[Exercise aim] Some lines in the data below hold the string "Pink". Report how many, as a bare number.
★ ★ ★ ★ ★ ★ ★
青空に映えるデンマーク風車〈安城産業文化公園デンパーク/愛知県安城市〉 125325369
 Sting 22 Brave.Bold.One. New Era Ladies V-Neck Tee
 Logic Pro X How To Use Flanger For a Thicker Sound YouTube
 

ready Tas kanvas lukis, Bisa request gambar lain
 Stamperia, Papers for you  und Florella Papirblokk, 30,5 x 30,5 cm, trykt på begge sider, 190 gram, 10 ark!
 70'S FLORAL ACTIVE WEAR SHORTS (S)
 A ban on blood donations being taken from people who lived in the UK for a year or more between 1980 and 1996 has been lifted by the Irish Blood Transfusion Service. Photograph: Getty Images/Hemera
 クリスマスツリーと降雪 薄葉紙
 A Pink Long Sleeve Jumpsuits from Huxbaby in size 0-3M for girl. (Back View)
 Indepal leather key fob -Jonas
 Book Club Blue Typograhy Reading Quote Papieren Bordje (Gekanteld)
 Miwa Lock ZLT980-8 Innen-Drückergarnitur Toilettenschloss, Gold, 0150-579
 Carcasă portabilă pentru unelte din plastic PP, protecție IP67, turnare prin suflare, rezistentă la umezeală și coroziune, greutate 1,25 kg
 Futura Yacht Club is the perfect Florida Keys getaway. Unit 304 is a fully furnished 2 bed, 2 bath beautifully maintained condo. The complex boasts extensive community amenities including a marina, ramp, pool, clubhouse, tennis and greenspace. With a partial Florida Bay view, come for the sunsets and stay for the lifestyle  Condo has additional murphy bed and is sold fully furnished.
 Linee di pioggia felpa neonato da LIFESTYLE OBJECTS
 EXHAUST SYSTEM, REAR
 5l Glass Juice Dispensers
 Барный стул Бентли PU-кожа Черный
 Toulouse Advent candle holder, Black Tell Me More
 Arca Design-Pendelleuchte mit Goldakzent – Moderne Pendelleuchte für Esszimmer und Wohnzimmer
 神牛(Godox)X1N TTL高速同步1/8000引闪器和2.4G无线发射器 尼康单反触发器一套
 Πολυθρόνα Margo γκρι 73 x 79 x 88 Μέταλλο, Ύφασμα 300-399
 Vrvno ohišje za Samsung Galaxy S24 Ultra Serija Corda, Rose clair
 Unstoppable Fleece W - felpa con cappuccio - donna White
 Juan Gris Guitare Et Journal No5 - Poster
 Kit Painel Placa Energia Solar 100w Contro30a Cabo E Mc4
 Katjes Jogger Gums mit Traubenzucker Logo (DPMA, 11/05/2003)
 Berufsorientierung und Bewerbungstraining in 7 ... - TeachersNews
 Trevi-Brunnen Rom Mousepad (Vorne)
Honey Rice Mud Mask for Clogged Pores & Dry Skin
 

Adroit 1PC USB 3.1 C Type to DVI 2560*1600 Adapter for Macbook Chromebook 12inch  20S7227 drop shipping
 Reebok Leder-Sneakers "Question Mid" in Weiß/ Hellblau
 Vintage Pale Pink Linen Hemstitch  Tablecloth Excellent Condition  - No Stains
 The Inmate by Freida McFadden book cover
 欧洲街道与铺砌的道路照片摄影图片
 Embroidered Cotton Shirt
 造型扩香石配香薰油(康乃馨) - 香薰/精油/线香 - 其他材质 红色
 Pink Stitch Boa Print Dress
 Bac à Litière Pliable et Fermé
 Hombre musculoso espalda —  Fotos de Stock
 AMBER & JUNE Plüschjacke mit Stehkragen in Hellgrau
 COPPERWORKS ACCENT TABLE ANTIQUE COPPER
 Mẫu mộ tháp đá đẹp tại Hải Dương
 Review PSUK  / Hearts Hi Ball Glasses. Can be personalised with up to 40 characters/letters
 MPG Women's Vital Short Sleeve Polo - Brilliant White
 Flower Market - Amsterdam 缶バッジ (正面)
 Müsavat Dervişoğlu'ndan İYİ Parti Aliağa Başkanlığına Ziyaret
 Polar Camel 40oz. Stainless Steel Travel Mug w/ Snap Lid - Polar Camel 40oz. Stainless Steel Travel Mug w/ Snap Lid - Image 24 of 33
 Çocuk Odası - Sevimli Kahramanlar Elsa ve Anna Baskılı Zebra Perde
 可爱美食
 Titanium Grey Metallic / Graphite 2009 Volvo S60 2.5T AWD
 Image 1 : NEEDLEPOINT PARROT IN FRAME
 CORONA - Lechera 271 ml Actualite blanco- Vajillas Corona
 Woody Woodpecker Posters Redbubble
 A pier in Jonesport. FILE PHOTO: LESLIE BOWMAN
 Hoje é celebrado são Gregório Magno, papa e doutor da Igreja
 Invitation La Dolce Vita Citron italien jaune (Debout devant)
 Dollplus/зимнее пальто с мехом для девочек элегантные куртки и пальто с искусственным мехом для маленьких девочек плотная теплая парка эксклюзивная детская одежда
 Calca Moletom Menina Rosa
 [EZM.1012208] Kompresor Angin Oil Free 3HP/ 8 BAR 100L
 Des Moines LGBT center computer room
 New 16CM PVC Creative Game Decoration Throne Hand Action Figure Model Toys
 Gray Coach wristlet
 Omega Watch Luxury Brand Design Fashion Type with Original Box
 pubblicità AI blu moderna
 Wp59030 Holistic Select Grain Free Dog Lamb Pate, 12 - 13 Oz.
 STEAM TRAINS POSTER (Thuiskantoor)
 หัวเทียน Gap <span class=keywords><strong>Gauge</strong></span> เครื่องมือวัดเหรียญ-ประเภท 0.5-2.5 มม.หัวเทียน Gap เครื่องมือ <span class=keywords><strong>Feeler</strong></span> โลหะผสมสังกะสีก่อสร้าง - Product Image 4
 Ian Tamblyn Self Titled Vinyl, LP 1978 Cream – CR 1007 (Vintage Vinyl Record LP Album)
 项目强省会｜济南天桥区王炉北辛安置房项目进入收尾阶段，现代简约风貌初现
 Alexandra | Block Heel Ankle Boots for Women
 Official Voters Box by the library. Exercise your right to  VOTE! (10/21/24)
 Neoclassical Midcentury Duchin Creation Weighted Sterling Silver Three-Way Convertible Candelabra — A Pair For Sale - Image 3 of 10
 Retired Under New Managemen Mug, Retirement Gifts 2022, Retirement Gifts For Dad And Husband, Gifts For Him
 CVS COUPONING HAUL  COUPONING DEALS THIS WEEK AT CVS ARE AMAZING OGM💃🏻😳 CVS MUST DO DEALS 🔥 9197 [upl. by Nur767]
★ ★ ★ ★ ★ ★ ★
[Task result] 3